Meskipun magnitudo gempa dari sesar aktif ini biasanya lebih kecil dibandingkan gempa megathrust, beliau menjelaskan bahwa gempa sesar yang jaraknya yang lebih dekat dengan permukaan bisa menyebabkan kerusakan yang sama signifikannya dengan yang diakibatkan megathrust.

Selain itu, Prof. Irwan pun menjelaskan kemungkinan mengenai adanya berbagai gempa susulan yang terjadi. Menurutnya sebuah gempa dapat diikuti dengan gempa susulan sebagai pelepasan sisa energi. Oleh karena itu, masyarakat perlu diimbau agar tetap waspada.

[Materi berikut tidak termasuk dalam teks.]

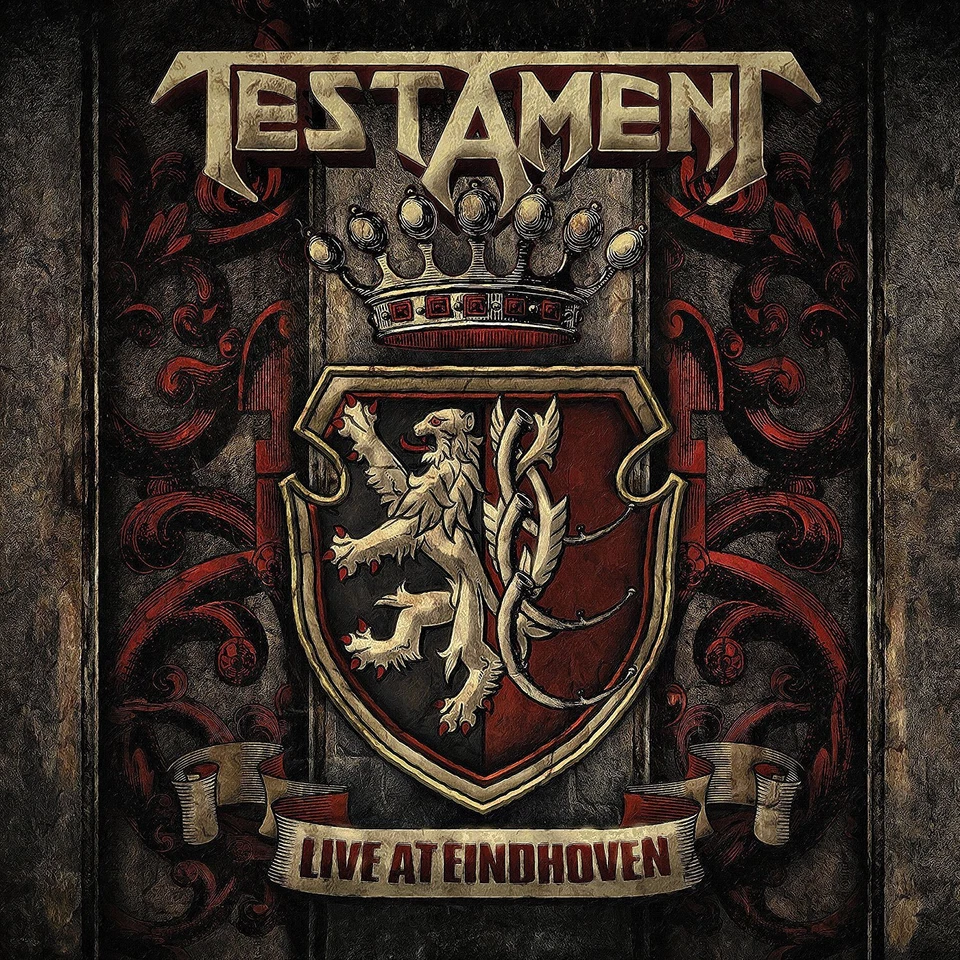 TESTAMENT - LIVE AT EINDHOVEN  DIGIPACK CD NEU - Bild 1 von 1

“Sebuah gempa akan diikuti dengan gempa susulan, hal ini mengindikasikan gempa melepaskan energi satu kali saja. Sisa energinya dilepaskan dalam energi susulan,” jelasnya.

 

Dalam konteks mitigasi bencana gempa bumi, Prof. Irwan menggarisbawahi urgensi kolaborasi antara pemerintah dan masyarakat. Pendekatan yang terintegrasi, baik dari atas ke bawah maupun dari bawah ke atas, dinilai krusial dalam meningkatkan kesiapsiagaan menghadapi risiko gempa yang ada.

“Karena kalau masyarakat bergerak sendiri, hasilnya tidak akan optimal,” tuturnya.

Menurutnya, salah satu langkah yang paling utama adalah meningkatkan pemahaman tentang risiko gempa melalui peta kajian risiko yang lebih mendalam. Perlu dibuat peta risiko bencana yang lebih detail dan menjadikannya acuan dalam perencanaan pembangunan, terutama untuk kebijakan tata ruang, baik dari segi infrastruktur, pemilihan lokasi dan jalur evakuasi yang mempertimbangkan risiko gempa di suatu wilayah.

Selain itu, beliau juga menekankan perlunya peningkatan literasi bencana bagi masyarakat, baik melalui jalan formal seperti pengadaan kurikulum, maupun jalur informal melalui komunitas.

“Saya percaya bangsa Indonesia punya modal untuk itu (mitigasi bersama), salah satunya dengan budaya kita gotong royong. Kita harus menanamkan bahwa dengan kemampuan yang kita miliki, dengan bersama-sama kita bisa melakukan upaya pengurangan resiko bencana,” pungkasnya.